Thanks the infamous Thomas Blinn and Alan Rollow. Please see responses
to the original question.
Tom Blinn
There is no way, in full generality, to assure that when the operating
system (ANY operating system) tells a set of hardware to do something,
it has really been done, but in general, if you turn off any kind of
write buffering in the disks (or RAID controllers), you will usually get
a real "sync" from this. But some devices say they've written the data
to permanent storage (something not susceptible to, say, power
failure) when they haven't -- in other words, they lie. What level of
certainty do you need, and what level of investigation are you willing
to do to assure that things are really working? For most commercial
purposes, "fsync()" is as close as you're going to get.
Alan Rollow
All the synchronous write hooks (fsync(2), O_SYNC, etc)
depend on the underlying hardware not lying when it says
the data is written.

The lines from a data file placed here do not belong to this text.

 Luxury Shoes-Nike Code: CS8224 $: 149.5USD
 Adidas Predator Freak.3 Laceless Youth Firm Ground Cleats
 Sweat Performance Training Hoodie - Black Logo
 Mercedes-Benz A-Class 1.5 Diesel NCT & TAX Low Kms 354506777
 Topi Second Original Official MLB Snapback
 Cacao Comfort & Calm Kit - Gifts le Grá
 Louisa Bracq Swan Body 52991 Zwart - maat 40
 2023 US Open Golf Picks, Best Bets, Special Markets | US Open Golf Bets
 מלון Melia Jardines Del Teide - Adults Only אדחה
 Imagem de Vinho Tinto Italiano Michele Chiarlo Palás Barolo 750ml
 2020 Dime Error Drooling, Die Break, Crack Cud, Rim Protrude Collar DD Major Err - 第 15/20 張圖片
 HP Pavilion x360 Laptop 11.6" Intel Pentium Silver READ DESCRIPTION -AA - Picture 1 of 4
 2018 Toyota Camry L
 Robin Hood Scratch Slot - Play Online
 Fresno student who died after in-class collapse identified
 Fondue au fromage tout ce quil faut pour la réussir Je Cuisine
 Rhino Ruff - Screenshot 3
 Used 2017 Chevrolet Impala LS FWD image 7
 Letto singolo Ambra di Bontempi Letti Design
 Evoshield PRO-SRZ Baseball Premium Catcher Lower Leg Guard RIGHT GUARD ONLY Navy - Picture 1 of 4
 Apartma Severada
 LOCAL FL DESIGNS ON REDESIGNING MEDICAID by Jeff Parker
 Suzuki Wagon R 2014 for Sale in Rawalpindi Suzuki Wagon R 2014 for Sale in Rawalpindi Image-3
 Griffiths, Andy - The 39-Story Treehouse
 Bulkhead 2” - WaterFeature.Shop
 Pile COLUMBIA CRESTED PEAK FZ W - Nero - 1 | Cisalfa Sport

With enough different ways for these
subsystems to implement caching, there's little hope for
the operating system to be able to know all the ways of
turning it off. So, if a subsystem supports write-back
caching, the operating system has little hope of knowing
that and therefore little hope of being able to turn it
off.
If you don't trust the storage subsystem's promise that
data in the cache is at least as available and safe as
on media, you need to find a way to get the caching turned
off at the subsystem level.
Bare SCSI disks can support a fairly standardized way of
letting a host know they support write caching. Some
operating systems and subsystems may blindly turn this
off, since they're not inclined to trust it either. But,
the more interesting subsystem caching implementations
aren't likely to be so easily controlled.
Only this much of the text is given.